1. BETTER LEFT UNSAID. When it comes to finding out what goes on at high school parties today, Jack Nicholson on the stand in A Few Good Men might as well have been talking to me: “You want the truth. You can’t handle the truth!”
2. SPIRITS EVERYWHERE. I’ve decided to stop scoffing at people who believe in ghosts. The goblins that come out when I wake up before everyone else and try to move about the house quietly exact their revenge by making every door slam shut, the stairs creak louder than ever and every coffee cup and vase I pass by to crash to the floor.

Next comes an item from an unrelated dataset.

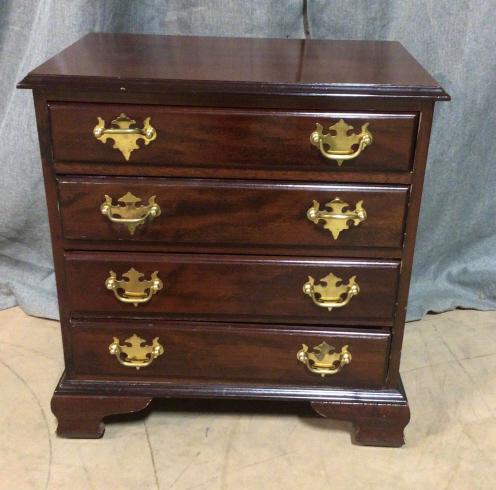 Modern Mahogany Dimunitive Chest: Ogee bracket feet, batwing pulls, 21 tall x 20 wide 13 deep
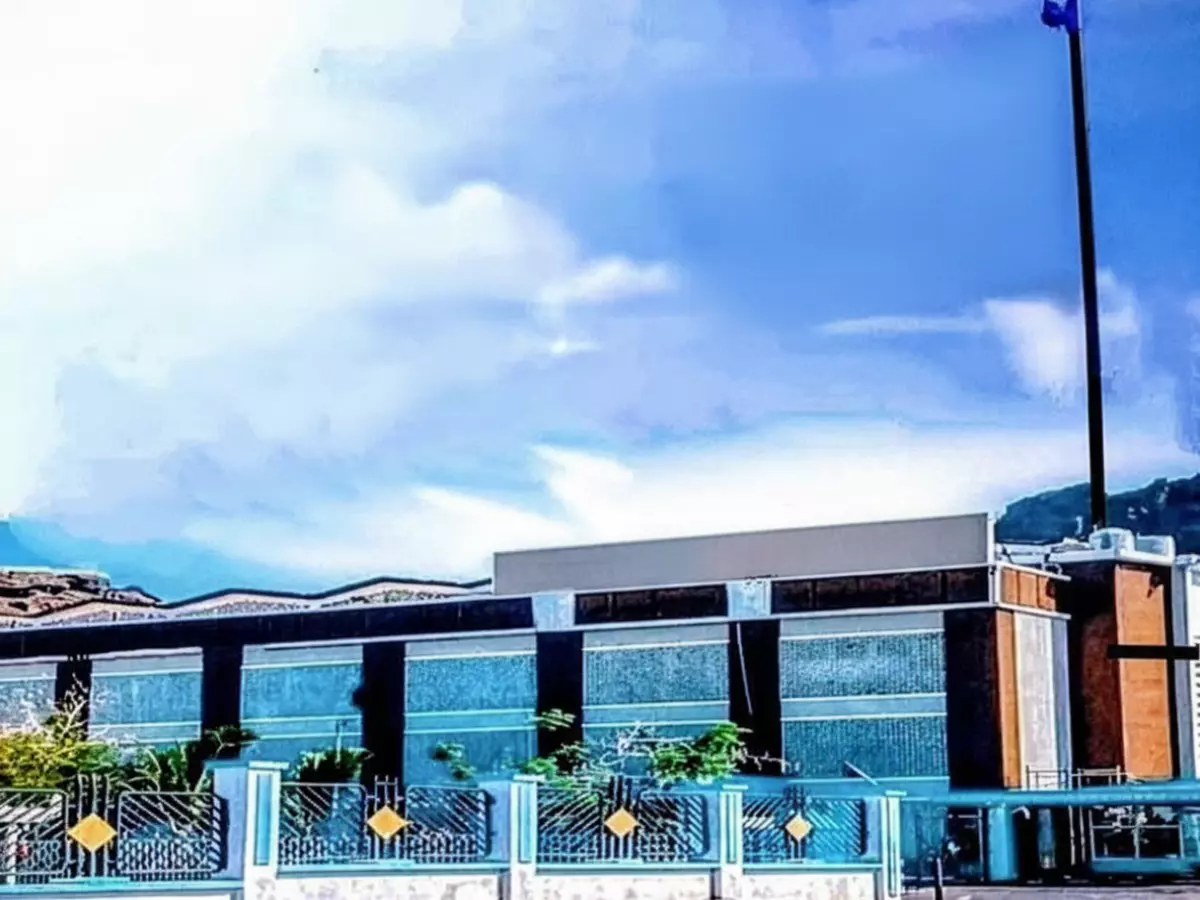 عاجل: البنزين ينخفض 65 ريالاً في عدن... الريال اليمني يحقق انتعاشة تاريخية من 2800 إلى 1617!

3. FLUID PERCEPTIONS. Don’t ask your kids what their friends think of you unless you’re ready to be humbled. But at least your “rep” is transmutable. Over the past six months, I’ve gone from being “The Fun Dad” to the “The Grouchy Dad” to “The Reliable Dad,” and then sadly — after one annoyed pronouncement to all of them, “If I text you that I’m outside the rink, ready to pick you up, I don’t expect to have to sit out here waiting for another half hour” — back to “The Scary Dad.”
4. BACK-UP SUPPORT. Considering how easily a father can provoke a teenaged daughter into telling him “You’re impossible!” before she races off and slams a bedroom door, it can be quite reassuring to have a spouse who is willing, at such moments, to offer a pat on the back and the calm reassurance, “It’s okay, I still like you.”
5. UNLIMITED MINUTES. Since the dawn of smart phones, I haven’t heard any more from those parents’ who use to brag about how effectively they managed to limit their kids’ screen time.